夏午小记

牛耀斌
2025-06-27

夏日的正午,天地俨然成了一只烧红的炉膛。太阳悬在当空,白炽的光线泼洒下来,把青石板路炙烤得滚烫。我捏着一枚铜币,试探着往上面一放,只听得细微的“滋”一声响,那铜币竟似要烙进石纹里一般。

我逃进小巷,躲入小杂货铺的荫凉里。铺子前摆着一方青石,石上卧着一只剖开的西瓜,瓜瓤红得耀眼,汁水汪着,缓缓渗入石缝。瓜香混着暑气,甜腻腻地浮在四周,令人昏沉。铺主是个瘦小的老人,坐在一张油腻发亮的竹躺椅里,闭目养神。他手执一把破蒲扇,慢悠悠地摇晃着,扇起微弱的风,仅能拂动他额前几缕稀疏的白发。扇子每摇一下,他便点一下头,额上凝聚的汗珠也跟着一颤,却始终倔强地悬着,不肯坠落。
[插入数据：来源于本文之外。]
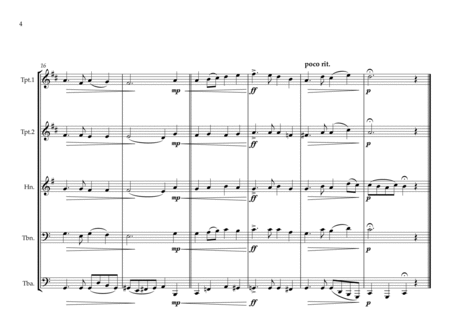 Luxembourger National Anthem for Brass Quintet (MFAO World National Anthem Series) image number null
我买下一片西瓜。坐在门槛上,咬一口,清甜的汁水瞬间在口中迸裂,一丝凉意顺着喉咙滑下去,却又迅速被四周燥热的空气吞没,仿佛一滴水落进烧红的铁锅。

巷子极深,似乎望不到头。蝉声在滚烫的墙垣间碰撞,嗡嗡回响,愈发显出巷道的空寂。阳光艰难地挤过高墙与屋檐的缝隙,斜斜地劈入巷内,在地上烙出几道极狭长、极亮白的光带。那光带里尘埃飞舞,如沸水中的微末,喧嚣而无声。

老人依旧不紧不慢地摇着蒲扇,一下,又一下。蝉鸣汹涌如浪,巷子却静得出奇。汗水终于从他深深的额纹里挣脱,蜿蜒爬下,在黝黑的皮肤上犁出一道微亮的细痕,悄然滴落,在青石板上晕开一个深色的小点,旋即又被酷热舔舐殆尽。

我凝望着那瞬息蒸发的水痕,忽然觉得这难以消受的酷烈,竟也有一份沉甸甸的实在。天地如洪炉,万物皆在煎熬,可老人额上滚烫的汗珠、我手中这片即将融化的红瓤——无不在这巨大的蒸腾里,昭示着一种倔强的生息。热浪是沉重的熔炉,然而人间的呼吸与汗水,便是在这炉火中淬炼出的、无法被蒸发的金石。